Papers accepted/submitted/in press:

• Runyan CM, Rivera AU, Tork S, Shikary TA, Ehsan Z, Weaver KN, Hossain MM, Gordon CB, Pan BS. Management of airway obstruction in infants with Pierre Robin sequence. Submitted for publication.

• Ehsan Z, Weaver KN, Pan BS, MD, Hossain MM, Huang G, Simakajornboon N. Sleep Abnormalities in Neonates with Pierre Robin Sequence Undergoing Mandibular Distraction: A Longitudinal Analysis. Submitted for publication.

• Geddam LM, Mahmou MA, Pan BS, Stevenson CB, Kandil AI. Airway Management in a 5kg Infant with a Frontoethmoidal Encephalocele. Submitted for publication.

• Biskup N, Elhadi-Babikar H, Hathaway R, Pan B, van Aalst J, Gordon C. Decannulation and Airway Outcomes with Maxillomandibular Distraction in Treacher Collins Syndrome: A 25 Patient Experience. J Craniofac Surg. Submitted for publication.

• Biskup N, Altman A, Gendron C, Runyan C, Pan B. Neonatal Mandibular Distraction without a Consolidation Period: Is It Safe? Is it Effective? J Craniofac Surg. 2017 Sep 21. [Epub ahead of print]

• Pan BS, Vu AT, Saenger NJ, Rapp SJ. Reconstruction of the Isolated Columellar Defect: A Novel Two- Stage Technique and Review of the Literature. J Oral Maxillofac Surg. 2017 Apr;75(4)822-827.

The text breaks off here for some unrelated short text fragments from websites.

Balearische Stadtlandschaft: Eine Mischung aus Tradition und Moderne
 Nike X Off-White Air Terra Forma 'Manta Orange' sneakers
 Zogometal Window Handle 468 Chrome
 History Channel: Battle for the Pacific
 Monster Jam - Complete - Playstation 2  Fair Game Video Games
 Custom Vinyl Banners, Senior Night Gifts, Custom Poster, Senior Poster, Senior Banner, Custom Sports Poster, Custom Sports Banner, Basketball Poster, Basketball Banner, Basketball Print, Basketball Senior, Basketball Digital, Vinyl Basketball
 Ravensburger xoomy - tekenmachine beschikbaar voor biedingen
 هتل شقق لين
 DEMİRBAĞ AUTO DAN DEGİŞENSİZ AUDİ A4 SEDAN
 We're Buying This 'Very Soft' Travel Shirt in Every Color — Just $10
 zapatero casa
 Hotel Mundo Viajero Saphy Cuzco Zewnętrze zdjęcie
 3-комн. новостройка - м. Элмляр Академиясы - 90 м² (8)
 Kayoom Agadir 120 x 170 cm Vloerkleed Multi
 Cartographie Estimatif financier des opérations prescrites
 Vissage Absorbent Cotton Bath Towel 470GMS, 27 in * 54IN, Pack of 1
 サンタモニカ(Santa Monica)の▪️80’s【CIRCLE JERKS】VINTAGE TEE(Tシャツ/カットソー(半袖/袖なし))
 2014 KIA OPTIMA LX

• Sharp PA, Pan BS, Yakuboff KP, Rothchild D. Development of a Best Evidence Statement for the Use of Pressure Therapy for Management of Hypertrophic Scarring. J Burn Care Res. 2016 Jul-Aug;37(4):255-64.

Donna Jones, PhD

The lab of Dr. Donna Jones, PhD, pursues the following research:

  • Development of a swine alveolar cleft model, performing tridimensional reconstruction from the CT scans of the swine alveolar cleft model. In addition, she has performed morphometric analysis on the reconstruction for asymmetry assessment. She is a co-author for three publications for this project; one accepted for publication in the Journal of Tissue Engineering and Regenerative Medicine. She also advises and supports the design of experiments to establish a model of growth restriction (swine alveolar cleft model).
  • Experimental mice skulls 3D reconstructions.
  • Dr. Jones also contributes to the research surrounding the interplay of muscular and bony features of mandibular hypoplasia

Ronald Hathaway, DDS, MS, MS

Dr. Ronald Hathaway, DDS, MS, MS pursues the following research:

  • Primary research interests involve clinical audits and outcome studies of various treatment protocols for cleft lip and palate and craniofacial teams.
  • Co-investigator for the Americleft Project, a North American cohort study for evaluating cleft protocols and outcomes through inter-center comparison (four related publications in 2016).
  • With Americleft research colleagues, won the 2016 Berkowitz Study Award for the best scientific investigation with long-term outcomes published in the Cleft Palate-Craniofacial Journal in July 2016. 
  • Dr. Hathaway has also pioneered a patient, and family-reported, outcomes study for those affected by Treacher Collins syndrome.

Samantha Brugmann, PhD

The Brugmann Lab focuses on craniofacial development and a class of disorders that affect the craniofacial complex called ciliopathies. Ciliopathies are a class of diseases caused by the loss of a ubiquitous, microtubule-based organelle called a primary cilium. Ciliopathies commonly result in defective development of the craniofacial complex, causing midfacial defects, craniosynostosis, micrognathia and aglossia. This year, the lab made significant progress by publishing seven manuscripts dedicated to understanding how primary cilia impact craniofacial development. Two of those studies have made the interesting observation that while the loss of cilia in the frontonasal prominence of the developing face causes a gain-of-HH function phenotype (midfacial widening), the loss of cilia in the mandibular prominence causes a loss-of-HH function phenotype (micrognathia/aglossia). The lab determined that impaired processing of the GLI transcription factors dictated how the cells in each facial prominence would interpret the loss of cilia. Together, our data suggested that the developing facial prominences are unique developmental fields that will interpret a genetic insult differently.